Now, do you one-box or two-box? This is certainly exactly the same as the smoking lesion. Nor can you answer "I don't have to decide because my actions are determined" because your actions might well be determined in real life anyway, and you still have to decide.
If you one-box here, you should not smoke in the lesion problem. If you don't one-box here... well, too bad for you.
The obvious answer is ‘whatever Omega decided’. But I hope that I one-box.
You might as well say in general that you do "whatever the laws of physics determine."
But you still have to decide, anyway. Hoping doesn't help.
I do whatever I'm being influenced into doing.
This is a fact.
You can argue all you like about what I should do, but what I will do is already decided, and isn't influenced by my thoughts, my rationality, or anything else.
All the information needed to determine what I will do is in the lesion/machine.
Applying rationality to a scenario where the agent is by definition incapable of rationality is just plain silly.
Do you think that in real life you are exempt from the laws of physics?
If not, does that mean that "what you will do is already decided"? That you don't have to make a decision? That you are "incapable of rationality"?
Every event has multiple causes, and what causes you point out is not such important as you seem to think. In Newcomb, Omega's decision and your one-or-two-boxing are both ultimately consequences of the state of the world before the scenario has started.
The only difference between Newcomb and the lesion is that in case of 100% effective lesion, there will be no correlation between having read about EDT and smoking. And in a world where there was such a correlation, one should start believing in fate.
Well, yeah, which is why people resist the story about Omega, think it must be nonsense, and decide to two-box (although it would be better to explicitly reject the story). Or interpret it to imply backwards causality (in which case even CDT makes you one-box) or something else that violates the laws of physics as I know them.
This is one reason to stick with probabilistic versions of Newcomb's Paradox.
In both cases (Newcomb's Paradox and the Smoking Lesion), this seems to another example of the difficulty with 0 and 1 as probabilities.
Yes I can, right now.
I think the difference is that your disposition to one-box or two-box is something you can decide to change.

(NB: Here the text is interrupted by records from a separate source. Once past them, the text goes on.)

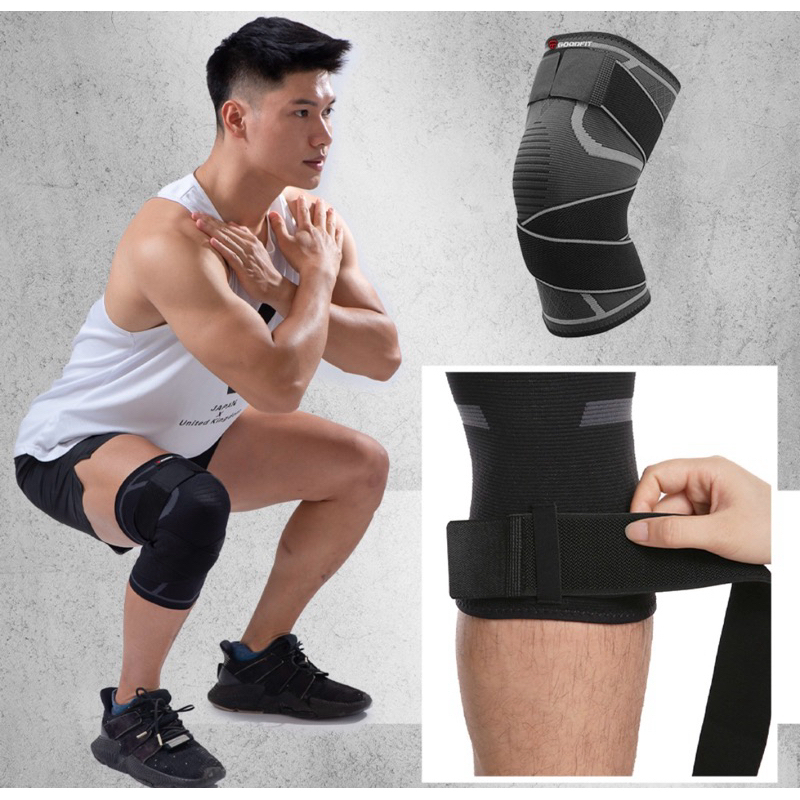 Bó gối thể thao GoodFit 2 trong 1 GF511K Băng khớp gối cố định gối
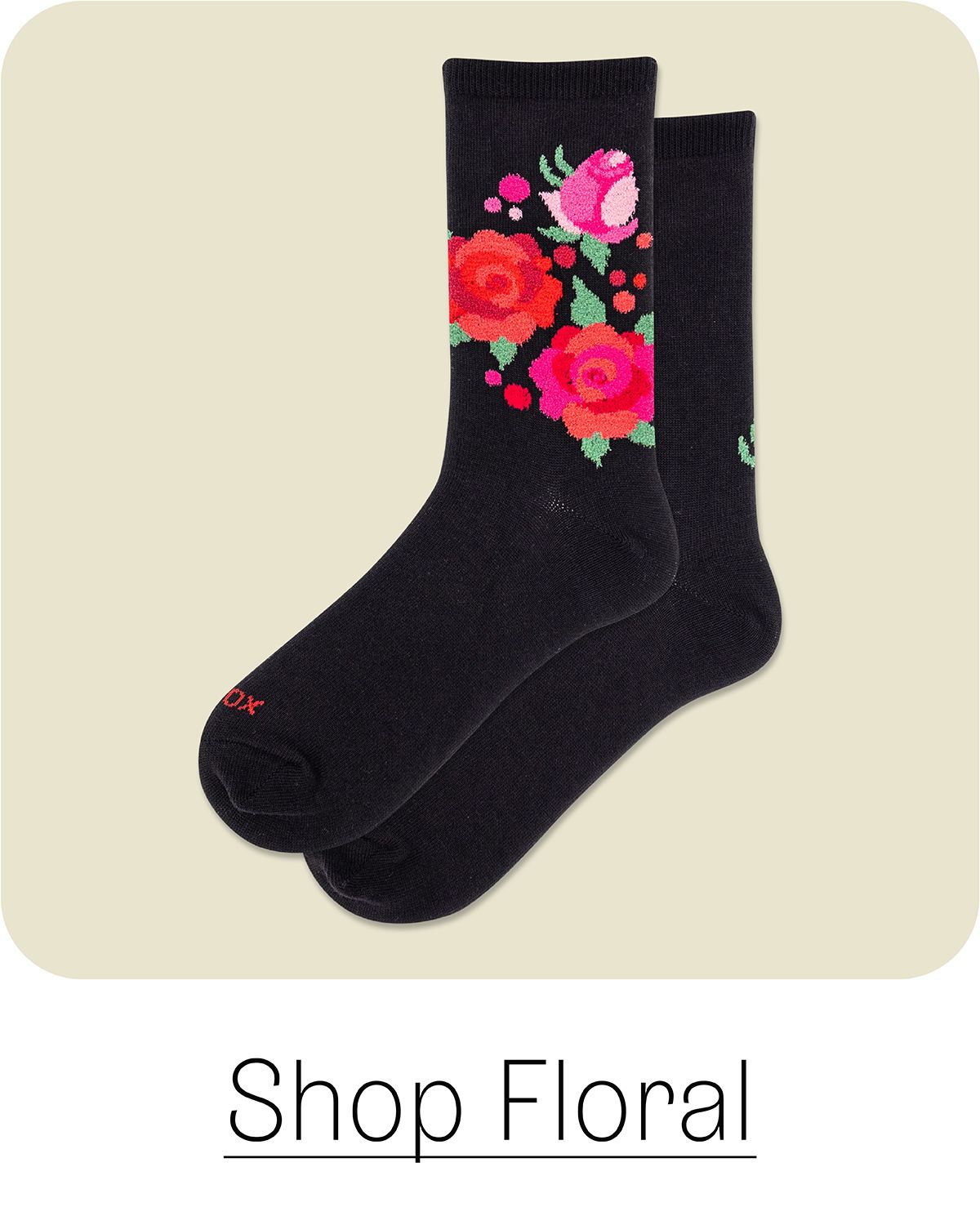 Shop Floral Socks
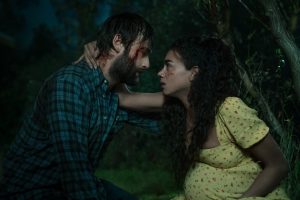 Douglas Booth and Hannah John-Kamen in UNWELCOME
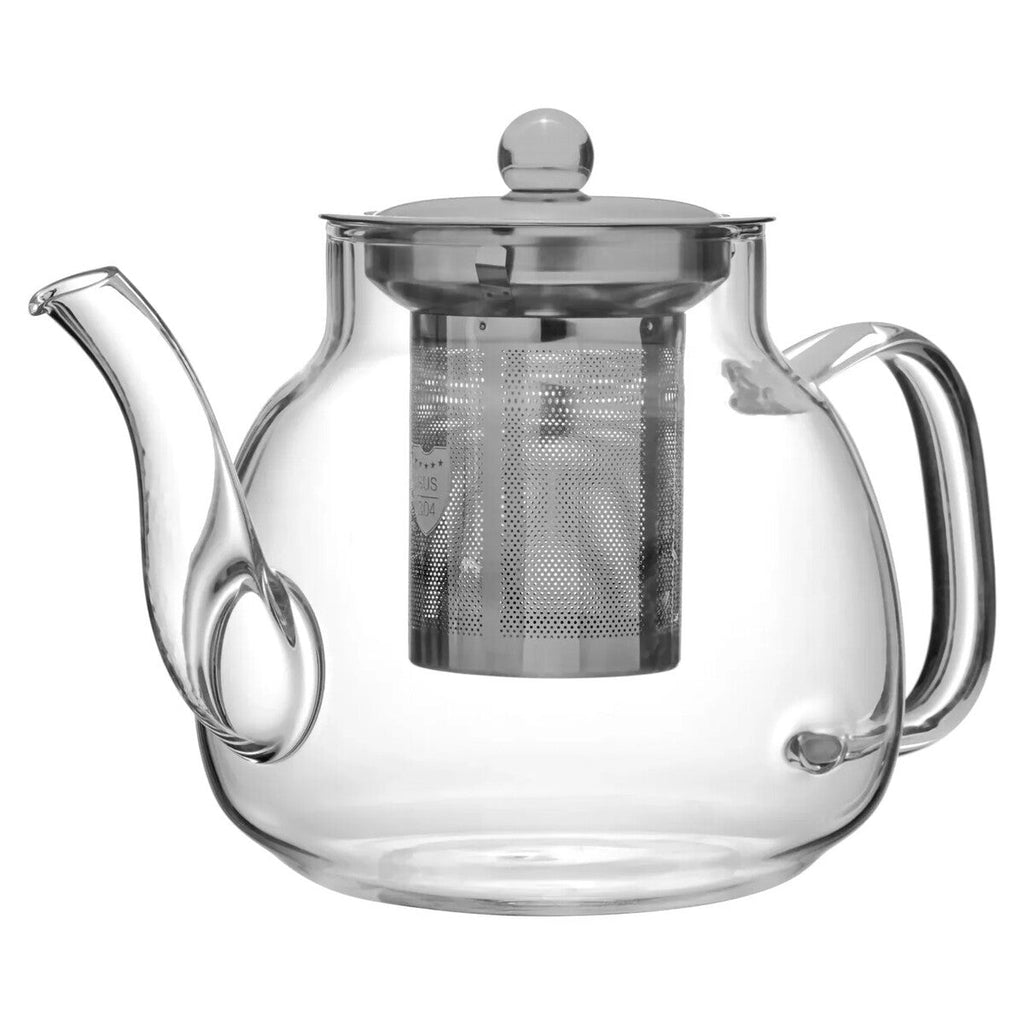 Orsina 1200ml Glass Teapot – High Borosilicate with Stainless Infuser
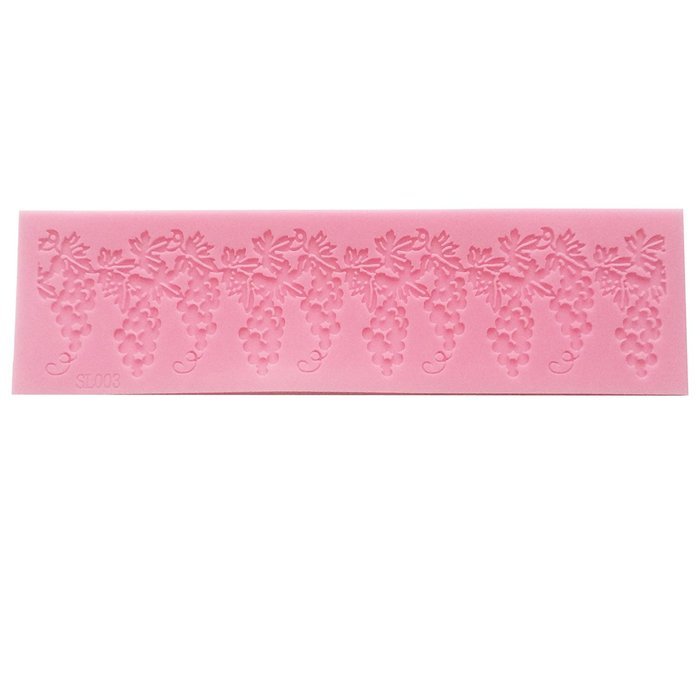 Sugarcraft Cake Decoration tool GRAPE VINE Border Icing Lace Shaped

Whether you were born with a lesion is not.
When you are standing there, and there is either a million in the box or there isn't, can you change whether or not there is a million in the box?
No, no more than whether you were born with a lesion or not. The argument, "I should smoke, because if I have the lesion I have it whether or not I smoke" is exactly the same as the argument "I should take two boxes, because if the million is there, it is there whether or not I take two boxes."

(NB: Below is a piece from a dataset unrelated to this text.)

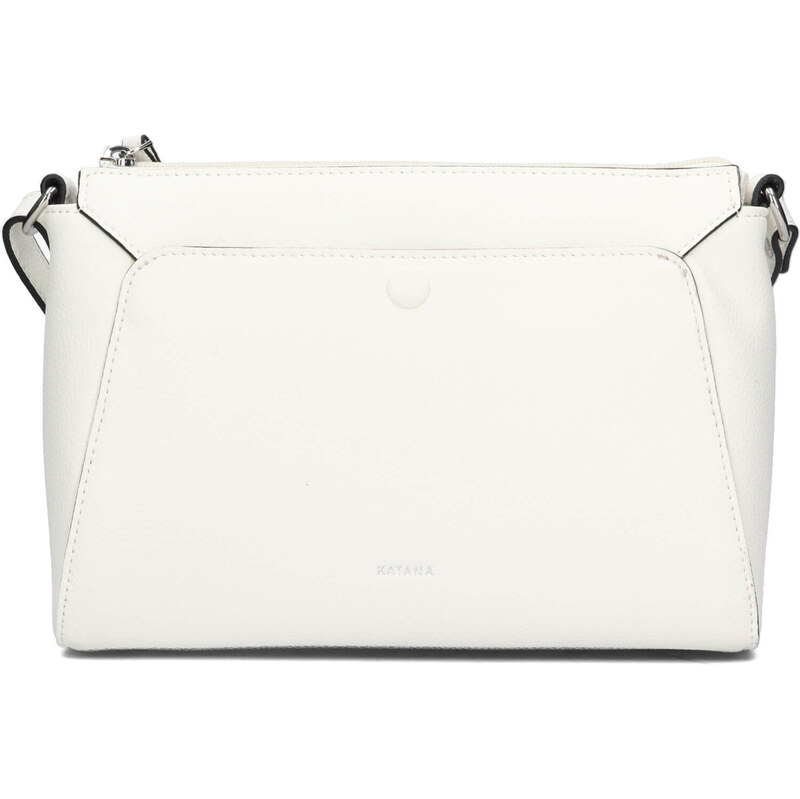Kožená dámska crosbody kabelka Katana Alizée - biela 62988743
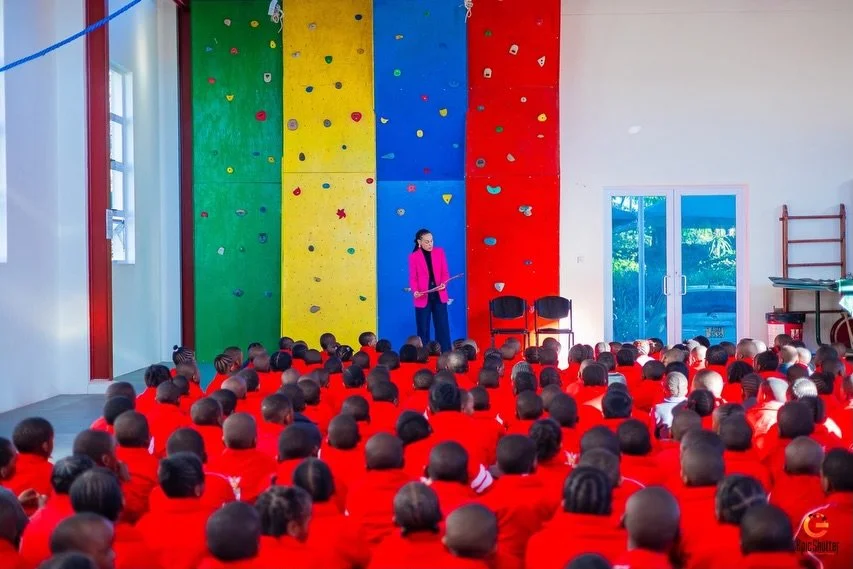 A sea of red uniforms and beautiful, curious faces. ❤️

It was such a joy reading Sekai and the Special Spanner to the Infants and Grade 3 learners at Hartmann House this week. Their enthusiasm, laughter and engagement made my day.

Being told the bo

I agree, insofar as I think "I should not smoke" is true as long as I'm also allowed to say "I should not have the lesion".

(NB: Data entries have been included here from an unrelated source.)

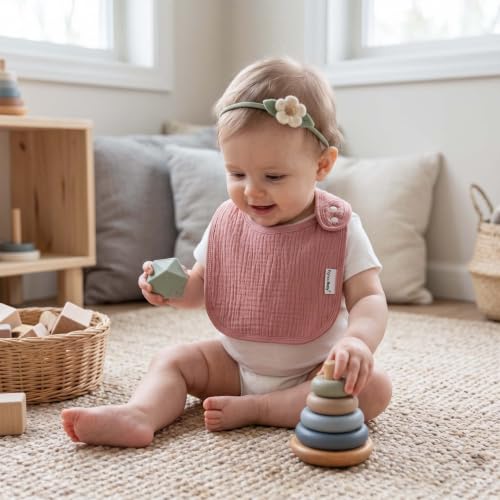 Image of Muslin Baby Bibs for Drooling and Teething,Bibs for Boys Girls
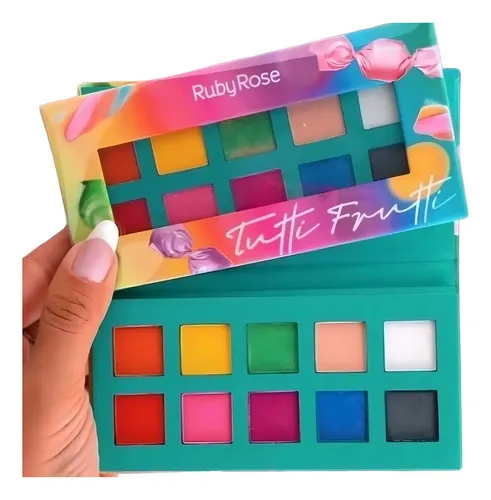 Paleta De Sombras Tutti Frutti Color De La Sombra Mixto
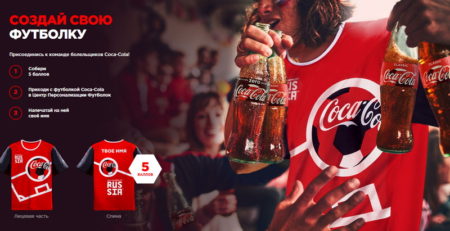 Промо Coca Cola 2018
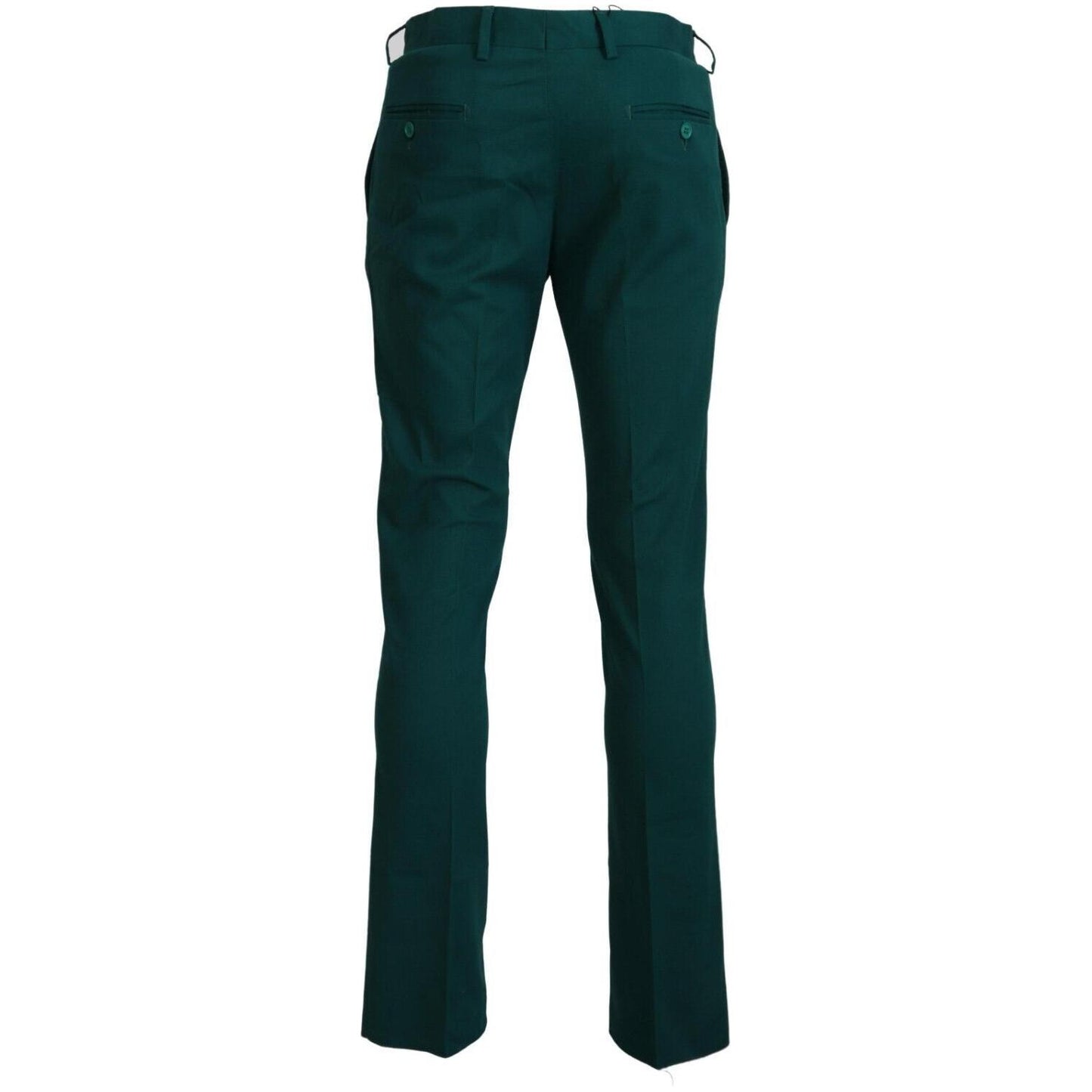 BENCIVENGA Green Straight Fit Men Formal Trousers Pants PAN71616 - 46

The problem is I think running into the proper use of 'should'. We'd need to draw very sharp lines around the things we pretend that we can or cannot control for purposes of that word.
Basically, you end up with a black-box concept containing some but not all of the machinery that led up to your decision such that words like 'should' and 'control' apply to the workings of the black box and not to anything else. And then we can decide whether it's sensible to ask 'should I smoke' in Smoking Lesion and 'should I one-box' in Newcomb.
Right now I don't have a good enough handle on this model to draw those lines, and so don't have an answer to this puzzle.